I’m going to cop out on this one. Many recent polls indicate the fastest growing denomination is Nones – those who profess no religious affiliation. Church attendance is reportedly down. Yet at the same time, the U. S. is experiencing an explosion of “megachurches” drawing thousands, and in some cases tens of thousands, of people each weekend. Faith-based outreach initiatives abound that serve the least, the last and the lost. As a result of these conflicting trends, I can’t assess whether we are gaining or losing with regard to faith at the societal level.

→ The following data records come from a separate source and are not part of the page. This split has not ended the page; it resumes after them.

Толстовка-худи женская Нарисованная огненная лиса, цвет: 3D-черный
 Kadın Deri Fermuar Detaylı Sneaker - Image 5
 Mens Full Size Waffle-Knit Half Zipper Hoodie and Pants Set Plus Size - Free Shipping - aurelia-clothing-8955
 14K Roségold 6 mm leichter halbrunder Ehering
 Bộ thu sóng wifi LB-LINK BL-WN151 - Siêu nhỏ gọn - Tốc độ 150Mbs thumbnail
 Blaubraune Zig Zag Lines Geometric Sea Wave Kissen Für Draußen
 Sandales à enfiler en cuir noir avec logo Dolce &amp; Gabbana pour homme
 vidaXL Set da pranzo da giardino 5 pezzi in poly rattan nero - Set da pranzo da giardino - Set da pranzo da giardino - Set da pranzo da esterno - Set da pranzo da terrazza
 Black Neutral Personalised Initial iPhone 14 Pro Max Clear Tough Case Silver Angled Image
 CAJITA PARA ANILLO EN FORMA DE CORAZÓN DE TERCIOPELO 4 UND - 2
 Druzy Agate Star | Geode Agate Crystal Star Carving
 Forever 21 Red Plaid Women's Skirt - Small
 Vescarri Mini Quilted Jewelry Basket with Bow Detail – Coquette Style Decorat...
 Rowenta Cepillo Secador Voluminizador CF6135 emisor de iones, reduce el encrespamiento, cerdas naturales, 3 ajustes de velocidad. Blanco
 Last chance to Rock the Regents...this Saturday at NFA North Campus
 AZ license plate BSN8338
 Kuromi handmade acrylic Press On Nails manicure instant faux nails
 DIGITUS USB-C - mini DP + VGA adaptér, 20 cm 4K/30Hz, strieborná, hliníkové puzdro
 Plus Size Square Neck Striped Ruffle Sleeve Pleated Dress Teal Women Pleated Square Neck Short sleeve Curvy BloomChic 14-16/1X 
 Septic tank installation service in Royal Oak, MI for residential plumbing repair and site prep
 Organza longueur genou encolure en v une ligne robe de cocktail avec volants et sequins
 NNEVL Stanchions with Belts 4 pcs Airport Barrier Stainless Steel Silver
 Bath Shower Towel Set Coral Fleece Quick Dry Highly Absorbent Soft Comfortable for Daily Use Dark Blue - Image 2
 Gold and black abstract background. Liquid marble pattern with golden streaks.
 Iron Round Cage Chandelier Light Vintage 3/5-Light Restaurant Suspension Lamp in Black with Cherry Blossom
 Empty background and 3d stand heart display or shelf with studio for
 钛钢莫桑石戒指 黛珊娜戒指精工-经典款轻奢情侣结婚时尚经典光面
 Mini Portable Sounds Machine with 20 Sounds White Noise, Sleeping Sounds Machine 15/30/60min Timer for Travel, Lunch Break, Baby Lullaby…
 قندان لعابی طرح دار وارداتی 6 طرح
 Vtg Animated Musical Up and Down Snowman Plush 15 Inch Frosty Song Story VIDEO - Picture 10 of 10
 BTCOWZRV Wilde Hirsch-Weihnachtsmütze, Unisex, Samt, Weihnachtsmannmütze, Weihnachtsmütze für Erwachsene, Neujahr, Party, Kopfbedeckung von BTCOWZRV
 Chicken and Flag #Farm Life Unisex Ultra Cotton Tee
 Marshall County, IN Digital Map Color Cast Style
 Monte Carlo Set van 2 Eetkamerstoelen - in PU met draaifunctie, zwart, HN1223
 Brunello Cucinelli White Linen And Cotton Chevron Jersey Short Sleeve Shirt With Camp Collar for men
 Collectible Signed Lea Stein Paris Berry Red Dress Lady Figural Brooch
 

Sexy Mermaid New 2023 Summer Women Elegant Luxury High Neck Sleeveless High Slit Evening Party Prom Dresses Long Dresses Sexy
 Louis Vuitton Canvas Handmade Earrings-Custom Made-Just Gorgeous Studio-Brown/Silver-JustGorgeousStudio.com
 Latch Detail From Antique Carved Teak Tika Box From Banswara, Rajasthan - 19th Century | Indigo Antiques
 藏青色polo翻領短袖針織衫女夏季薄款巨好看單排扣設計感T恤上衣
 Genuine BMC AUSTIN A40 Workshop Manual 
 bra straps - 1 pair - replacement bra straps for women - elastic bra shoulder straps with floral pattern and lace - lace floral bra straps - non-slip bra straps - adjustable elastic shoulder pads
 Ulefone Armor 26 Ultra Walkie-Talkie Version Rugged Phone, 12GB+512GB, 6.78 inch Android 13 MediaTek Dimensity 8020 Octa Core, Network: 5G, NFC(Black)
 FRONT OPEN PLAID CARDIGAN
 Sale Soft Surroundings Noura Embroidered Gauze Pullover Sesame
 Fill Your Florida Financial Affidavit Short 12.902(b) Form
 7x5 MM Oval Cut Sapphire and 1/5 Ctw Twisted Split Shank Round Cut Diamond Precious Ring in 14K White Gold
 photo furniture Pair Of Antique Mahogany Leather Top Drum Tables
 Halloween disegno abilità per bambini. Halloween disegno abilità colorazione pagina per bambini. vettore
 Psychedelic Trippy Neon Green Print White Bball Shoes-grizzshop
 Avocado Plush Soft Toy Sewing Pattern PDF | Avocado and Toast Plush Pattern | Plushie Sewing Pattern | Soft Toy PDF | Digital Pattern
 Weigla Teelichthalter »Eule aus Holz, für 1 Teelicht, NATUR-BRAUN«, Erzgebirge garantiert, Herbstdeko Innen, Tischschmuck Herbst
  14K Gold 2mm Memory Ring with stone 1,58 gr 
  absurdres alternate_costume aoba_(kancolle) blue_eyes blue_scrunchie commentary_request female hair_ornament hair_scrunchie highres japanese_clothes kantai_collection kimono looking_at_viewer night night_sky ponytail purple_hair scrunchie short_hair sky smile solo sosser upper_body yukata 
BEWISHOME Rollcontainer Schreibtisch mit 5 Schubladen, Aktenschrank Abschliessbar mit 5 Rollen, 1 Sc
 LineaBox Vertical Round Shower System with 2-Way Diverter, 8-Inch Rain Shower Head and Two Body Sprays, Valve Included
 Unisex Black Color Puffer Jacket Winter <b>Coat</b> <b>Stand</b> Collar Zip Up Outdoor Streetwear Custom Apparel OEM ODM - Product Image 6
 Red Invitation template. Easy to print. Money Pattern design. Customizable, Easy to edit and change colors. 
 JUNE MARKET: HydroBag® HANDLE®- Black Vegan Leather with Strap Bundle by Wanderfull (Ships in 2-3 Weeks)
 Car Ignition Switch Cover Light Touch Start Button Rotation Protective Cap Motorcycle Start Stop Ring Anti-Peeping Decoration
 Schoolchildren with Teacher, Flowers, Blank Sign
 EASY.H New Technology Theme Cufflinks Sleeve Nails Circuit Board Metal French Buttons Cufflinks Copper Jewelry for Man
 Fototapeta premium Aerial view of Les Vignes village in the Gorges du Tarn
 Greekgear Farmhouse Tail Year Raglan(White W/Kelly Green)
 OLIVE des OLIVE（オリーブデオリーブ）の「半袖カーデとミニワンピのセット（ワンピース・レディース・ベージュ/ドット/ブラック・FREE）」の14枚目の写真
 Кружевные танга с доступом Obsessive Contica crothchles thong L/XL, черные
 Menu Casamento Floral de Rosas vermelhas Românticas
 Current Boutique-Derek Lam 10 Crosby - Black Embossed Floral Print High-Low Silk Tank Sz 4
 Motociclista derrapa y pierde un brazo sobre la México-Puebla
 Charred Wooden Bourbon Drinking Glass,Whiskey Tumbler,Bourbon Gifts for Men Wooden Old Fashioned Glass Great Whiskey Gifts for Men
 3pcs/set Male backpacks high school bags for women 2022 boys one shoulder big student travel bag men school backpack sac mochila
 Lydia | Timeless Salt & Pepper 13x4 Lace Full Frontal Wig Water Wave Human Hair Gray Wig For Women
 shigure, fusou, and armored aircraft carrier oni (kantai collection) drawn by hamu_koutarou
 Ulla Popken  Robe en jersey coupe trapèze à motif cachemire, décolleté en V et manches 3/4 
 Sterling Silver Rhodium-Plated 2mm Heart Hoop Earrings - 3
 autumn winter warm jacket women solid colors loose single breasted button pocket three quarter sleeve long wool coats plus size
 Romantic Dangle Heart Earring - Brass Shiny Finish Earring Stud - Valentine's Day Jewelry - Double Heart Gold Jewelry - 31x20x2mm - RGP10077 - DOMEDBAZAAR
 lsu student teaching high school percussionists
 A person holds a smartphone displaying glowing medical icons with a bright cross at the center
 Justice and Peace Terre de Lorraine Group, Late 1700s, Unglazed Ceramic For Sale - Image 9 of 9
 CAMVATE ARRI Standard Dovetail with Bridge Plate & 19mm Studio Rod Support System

I open this assessment by referring you back to my assessment of Kindness above. Gentleness, though, is a little different. In light of the combination of the loss of kindness and the urgency which breeds impatience, gentleness seems to be a thing of the past. Gentleness seems to be regarded as a liability rather than an asset. Meek has taken on the patina of weakness, an intonation of gullibility.
I admit to extreme bias when evaluating this one. Self-control is not an attribute of mine. The acrimonious tone of discourse which seems to be not only tolerated, but exalted evidences our march away from valuing self-control.
So, a quick tally of my assessments yields 3 positive assessments, 5 negative assessments and one which I could not evaluate. But please remember the purpose of this Musing as stated at the beginning – we are each responsible for moving society in positive directions with each of these attributes. I challenge you to personally commit to being more loving towards everyone you meet. In pursuit thereof, you will automatically become kinder and gentler. It will require greater self-control. You must surrender your hurry sickness. The by-products will be more joy and peace in your life. Faith and goodness will thrive.